▶ Problem description: A faithful copy is required. Print each line of the data exactly and omit the pictures.

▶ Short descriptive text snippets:
== Segment start ==

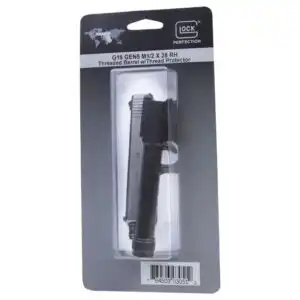 Glock Factory 19/19x/45 Gen5 Handgun Barrel RH 9mm Luger 1/2x28 Threaded Black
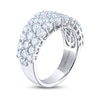 Thumbnail Image 2 of THE LEO Diamond Anniversary Ring 3 ct tw Round-Cut 14K White Gold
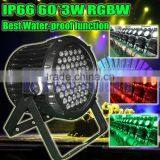 IP65 60*3W RGBW Led Par Can Stage Light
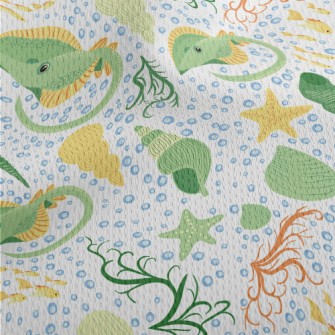 Stingray And Shells In The Sea Athletic Mesh Flat Back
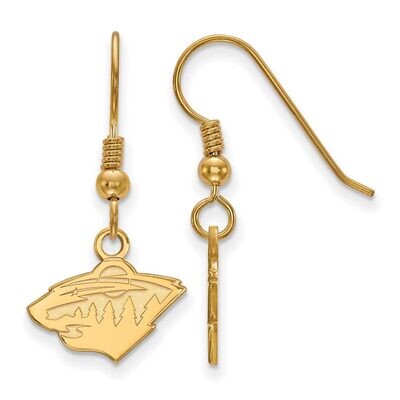 Minnesota Wild x-Small Dangle Earring Wire Gold-plated Silver GP005WIL, MPN: GP005WIL, 886774902227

== Segment end ==

▶ Answer space:
 Glock Factory 19/19x/45 Gen5 Handgun Barrel RH 9mm Luger 1/2x28 Threaded Black
 Thumbnail Image 2 of THE LEO Diamond Anniversary Ring 3 ct tw Round-Cut 14K White Gold
 IP65 60*3W RGBW Led Par Can Stage Light
 Stingray And Shells In The Sea Athletic Mesh Flat Back
 Minnesota Wild x-Small Dangle Earring Wire Gold-plated Silver GP005WIL, MPN: GP005WIL, 886774902227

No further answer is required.